> _Activity_: Set down the lines below, exactly, starting at the one that contains "Image of MOZEN" and stopping at the last line, inclusive. Omit pictures.

══════════════════════════════

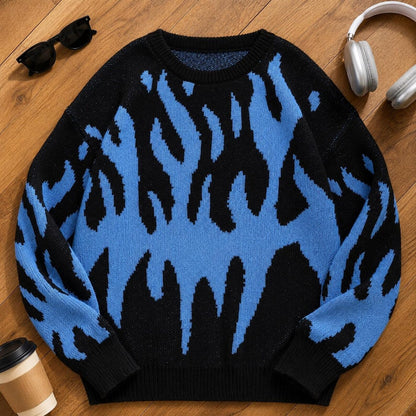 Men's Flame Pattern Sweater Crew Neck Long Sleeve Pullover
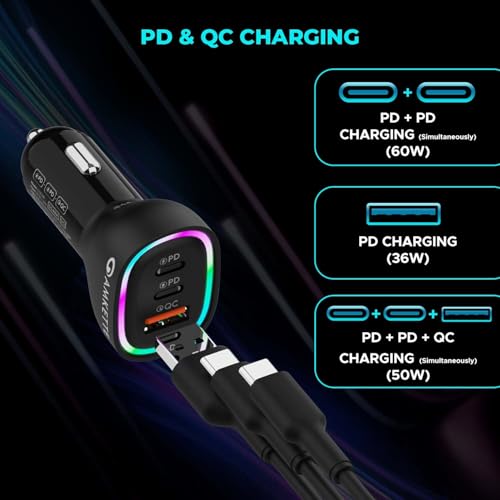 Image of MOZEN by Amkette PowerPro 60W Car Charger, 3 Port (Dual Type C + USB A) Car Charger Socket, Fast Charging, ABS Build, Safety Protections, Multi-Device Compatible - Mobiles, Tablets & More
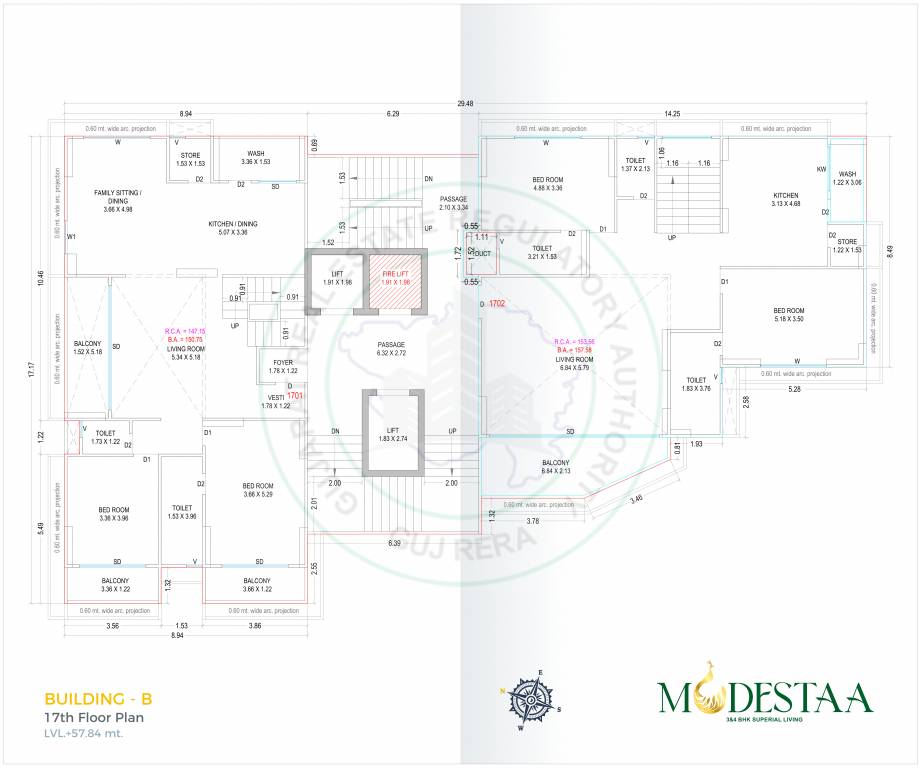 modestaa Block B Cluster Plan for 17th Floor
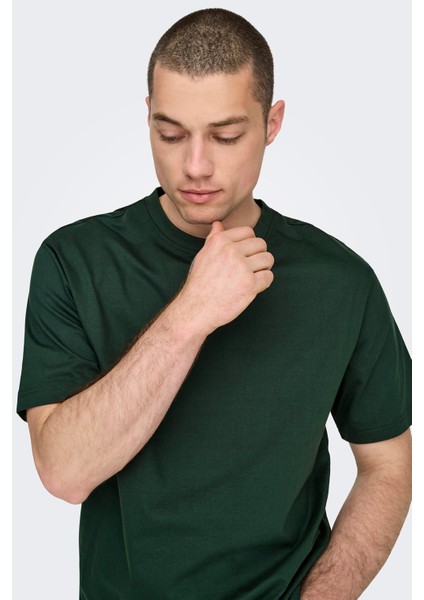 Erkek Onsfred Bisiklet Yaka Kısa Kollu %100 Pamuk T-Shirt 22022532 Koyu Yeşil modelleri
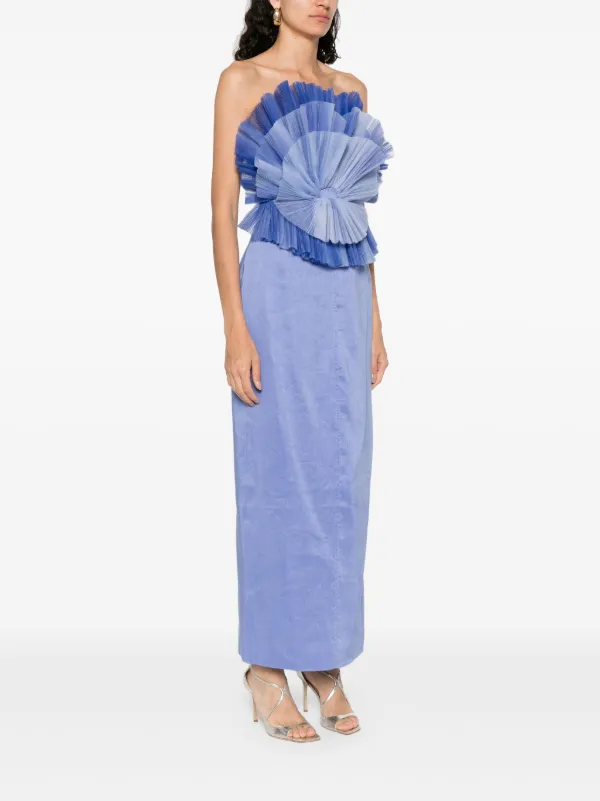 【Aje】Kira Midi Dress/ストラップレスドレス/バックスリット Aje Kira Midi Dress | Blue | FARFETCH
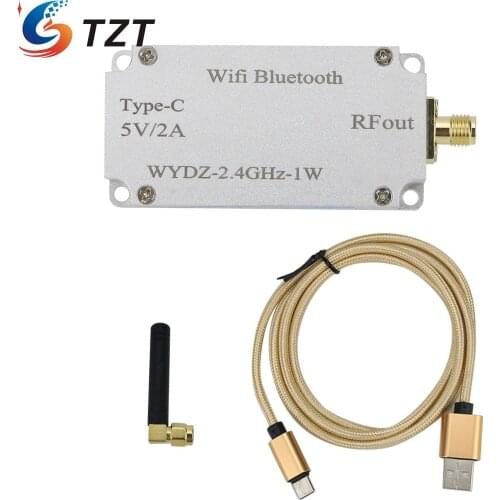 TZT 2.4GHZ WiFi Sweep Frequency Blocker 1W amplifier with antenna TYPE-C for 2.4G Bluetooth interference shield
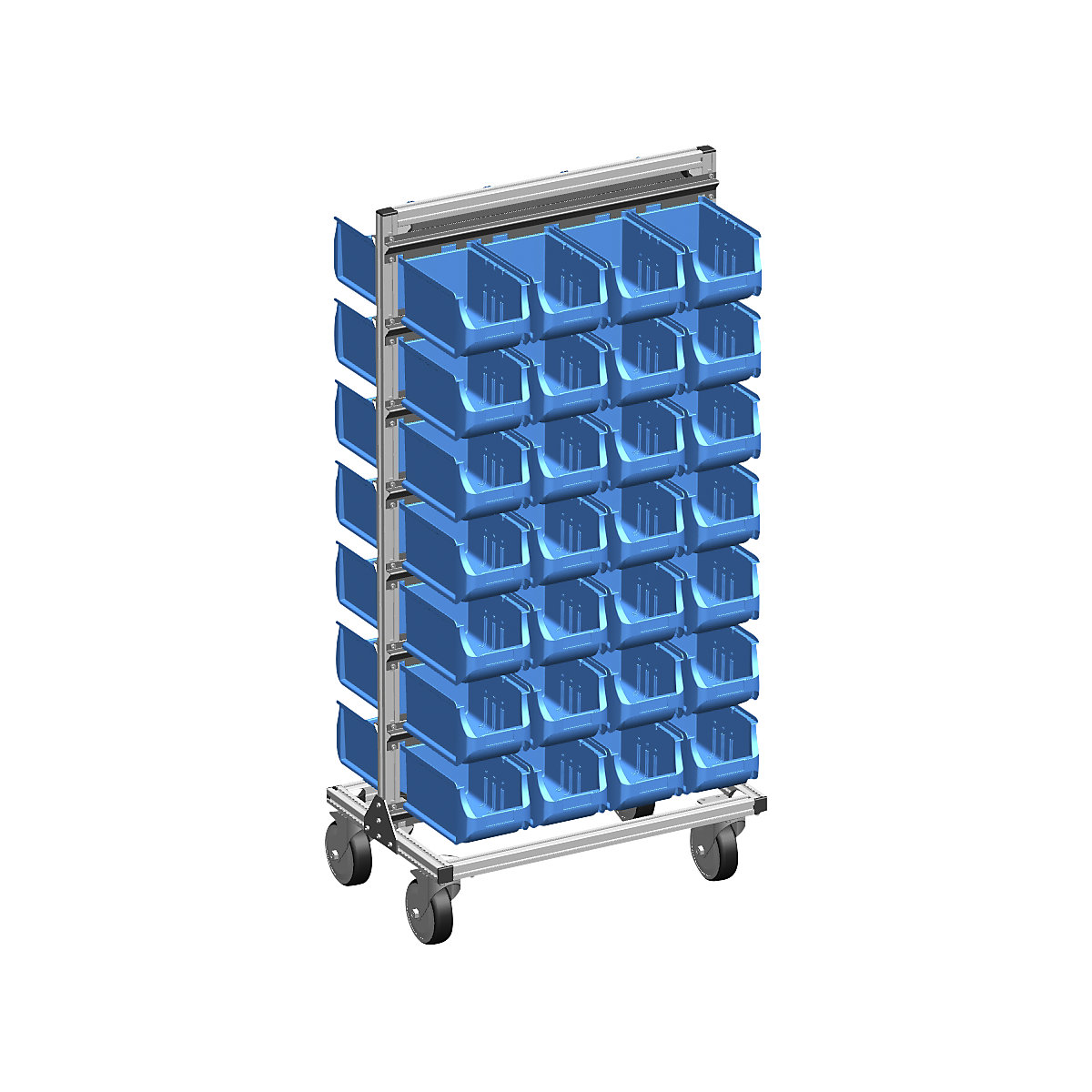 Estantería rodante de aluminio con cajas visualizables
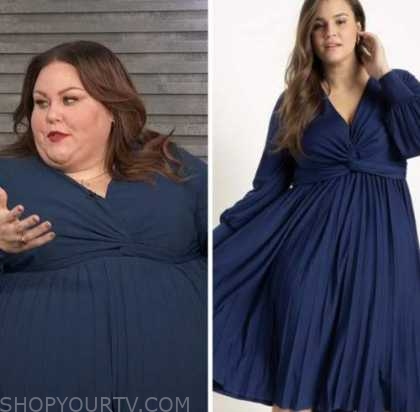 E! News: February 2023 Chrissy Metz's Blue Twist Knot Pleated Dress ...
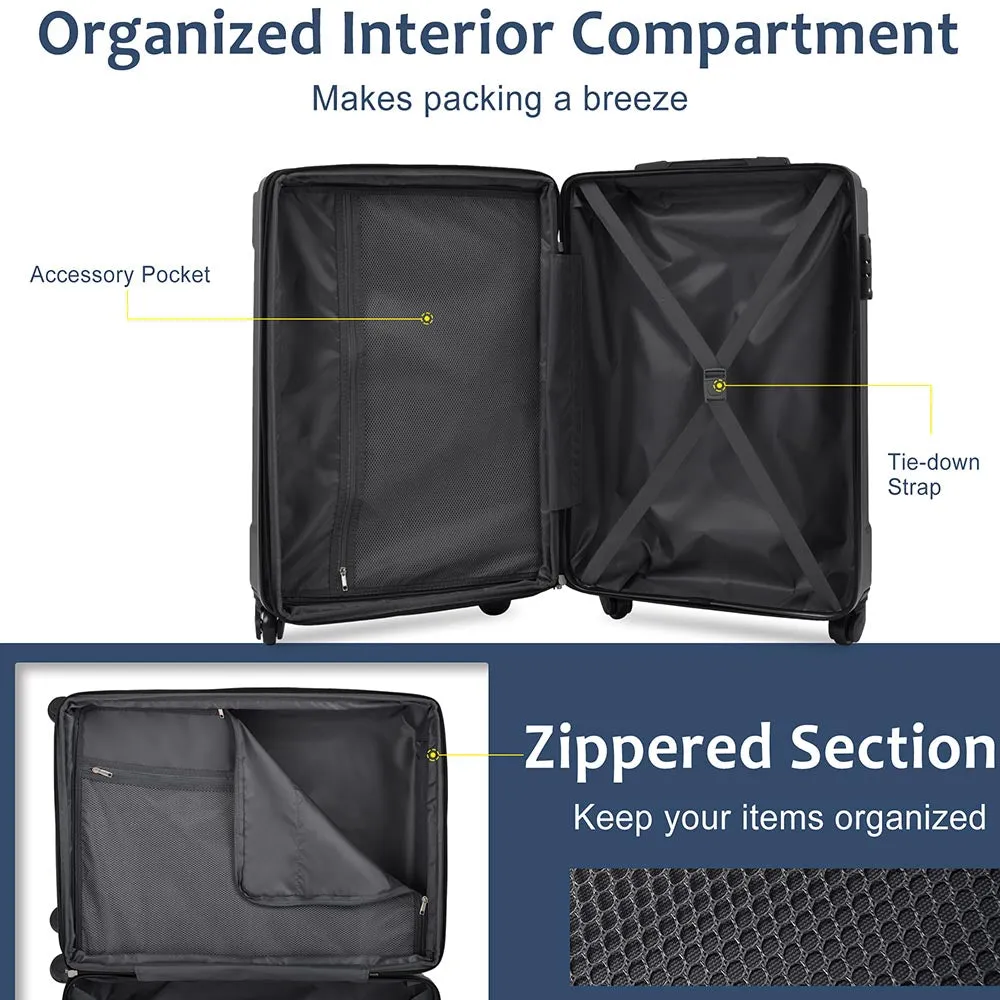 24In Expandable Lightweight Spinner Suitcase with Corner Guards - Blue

══════════════════════════════

> _Answer space_:
 Image of MOZEN by Amkette PowerPro 60W Car Charger, 3 Port (Dual Type C + USB A) Car Charger Socket, Fast Charging, ABS Build, Safety Protections, Multi-Device Compatible - Mobiles, Tablets & More
 modestaa Block B Cluster Plan for 17th Floor
 Erkek Onsfred Bisiklet Yaka Kısa Kollu %100 Pamuk T-Shirt 22022532 Koyu Yeşil modelleri
 【Aje】Kira Midi Dress/ストラップレスドレス/バックスリット Aje Kira Midi Dress | Blue | FARFETCH
 TZT 2.4GHZ WiFi Sweep Frequency Blocker 1W amplifier with antenna TYPE-C for 2.4G Bluetooth interference shield
 Estantería rodante de aluminio con cajas visualizables
 E! News: February 2023 Chrissy Metz's Blue Twist Knot Pleated Dress ...
 24In Expandable Lightweight Spinner Suitcase with Corner Guards - Blue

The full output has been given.